Microcervejarias e importadoras estão ocupando um importante espaço no mercado nacional. As chamadas cervejas especiais, que reúnem as artesanais, as importadas e as industriais de categoria premium, ocupam hoje 5% do mercado e têm previsão de dobrar o número de vendas nos próximos cinco anos, segundo a Associação Brasileira da Indústria da Cerveja (CervBrasil). “O que se percebe no mercado, o perfil do nosso cliente, ele vem aqui e vai fazer um jantar com a esposa ou amigos e opta em levar algumas garrafas para fazer uma degustação durante a refeição. Nas festas que envolvem mais gente, as cervejas mais tradicionais ainda são a preferência”, constata Zanatta, acrescentando que as versões artesanais tem tido boa aceitação como opção de presente. 

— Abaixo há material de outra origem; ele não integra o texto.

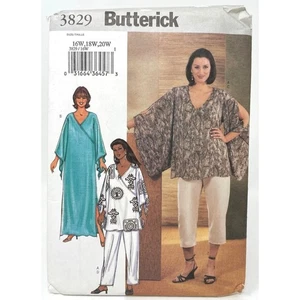 Easy Top, Caftan, Pants Sewing Pattern Plus Size 16, 18, 20 Butterick 3829 New - Picture 1 of 2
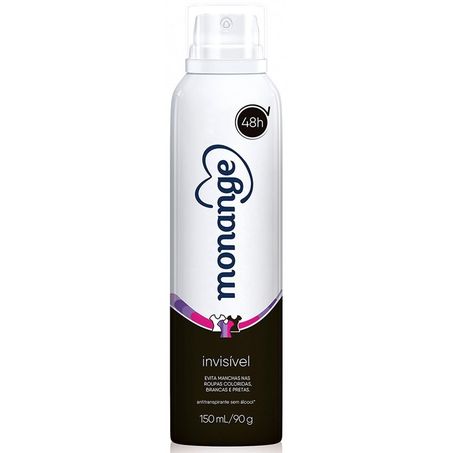 Desodorante aerosol monange invisivel 150ml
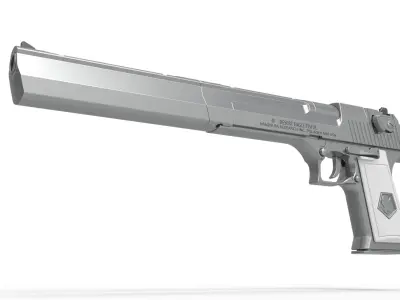 Long Desert Eagle Pistol of Peacemaker from Suicide Squad 2021 3D model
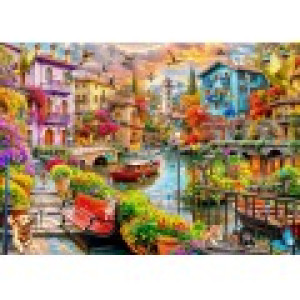 Bluebird Puzzle Le Village sur le Canal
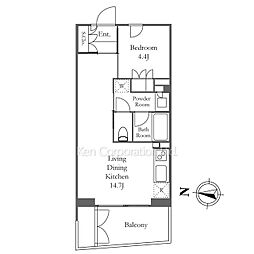 間取図画像 1LDK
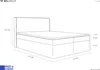 Boxspringbett 120x200 cm mit Bettkasten, Gepolstert Produktbild-Vorschau 3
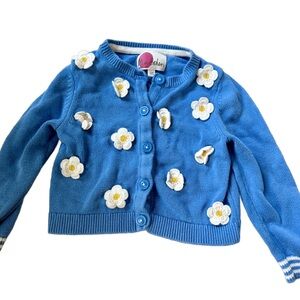 Mini Boden Floral Appliqué Cardigan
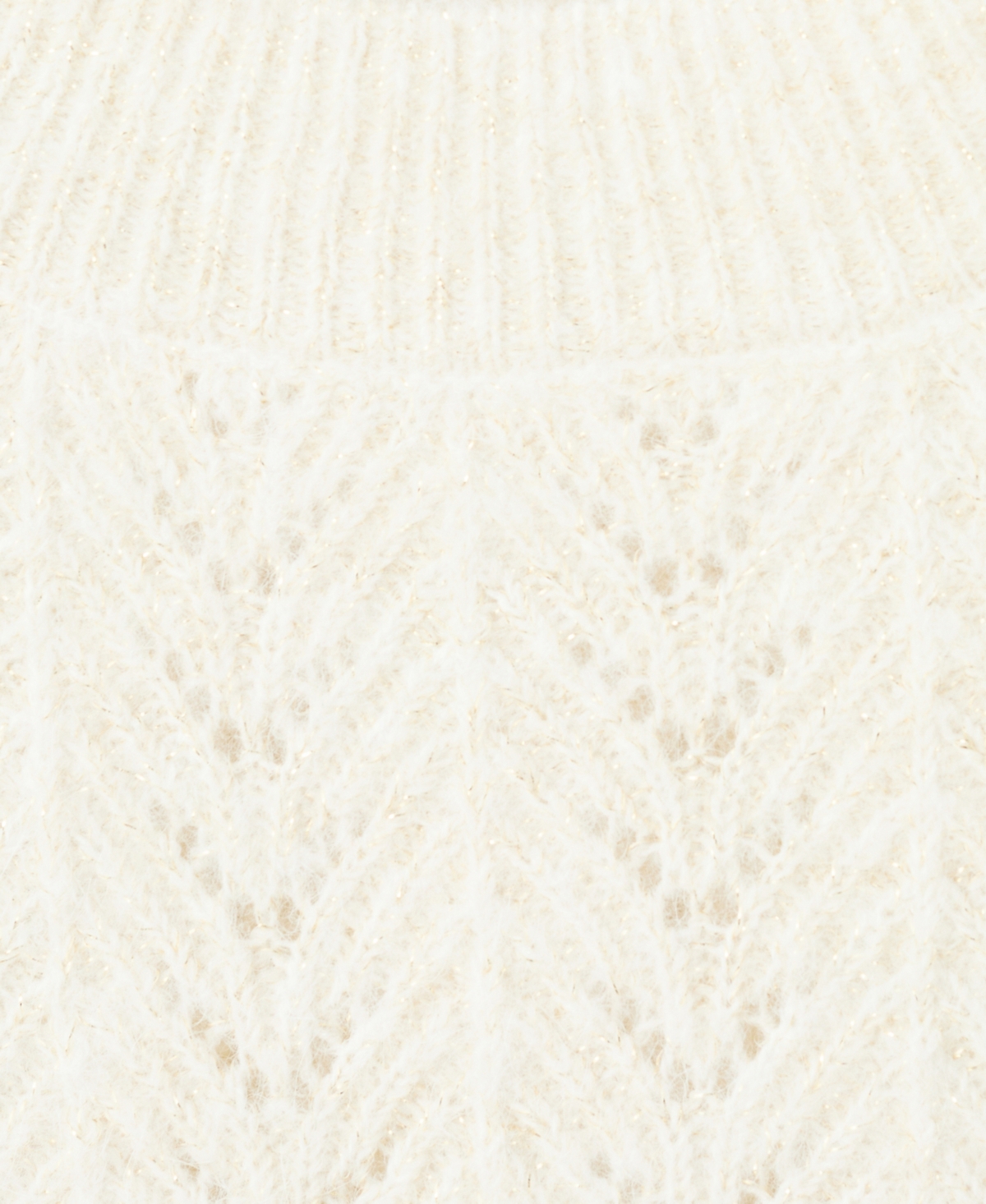 Mango Women's Cable-Knit Lurex Sweater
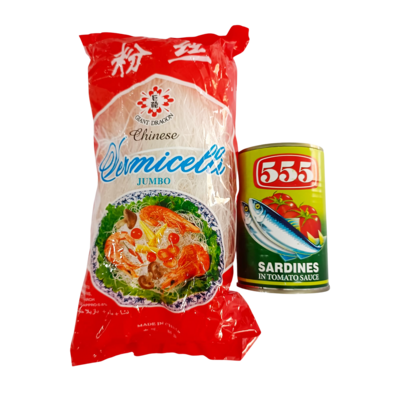 Promo - Vermecilli + 555 Sardines in Tomato Sauce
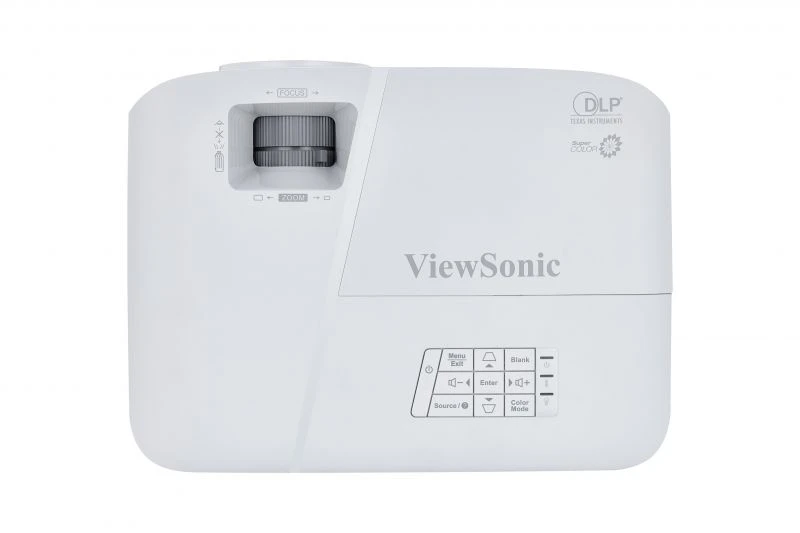 Desain proyektor ViewSonic SP6 tampak atas dengan panel tombol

Segundo o empresário, vários clientes da loja já produzem a própria cerveja. “Eles trazem para a gente experimentar e degustar. Posso dizer que tem muita cerveja de qualidade sendo produzida em Bento”, elogia. A vontade de produzir a própria bebida é uma realidade também para o comerciante, mas este é um segundo plano, segundo ele. “Tem toda uma questão legal para poder produzir a bebida, o que dificulta e encarece o processo. A legislação proibitiva dificulta as coisas. A Ambev, que possui milhares de funcionários, tem a mesma carga tributária de uma cervejaria que tem apenas um colaborador, por exemplo. Como trabalhamos muito com distribuidores e importadores, a tributação em alguns casos chega a 60%. Então, a cerveja que poderia ser vendida a R$ 10 só poderá ser comercializada ao preço mínimo de R$ 15”, explica.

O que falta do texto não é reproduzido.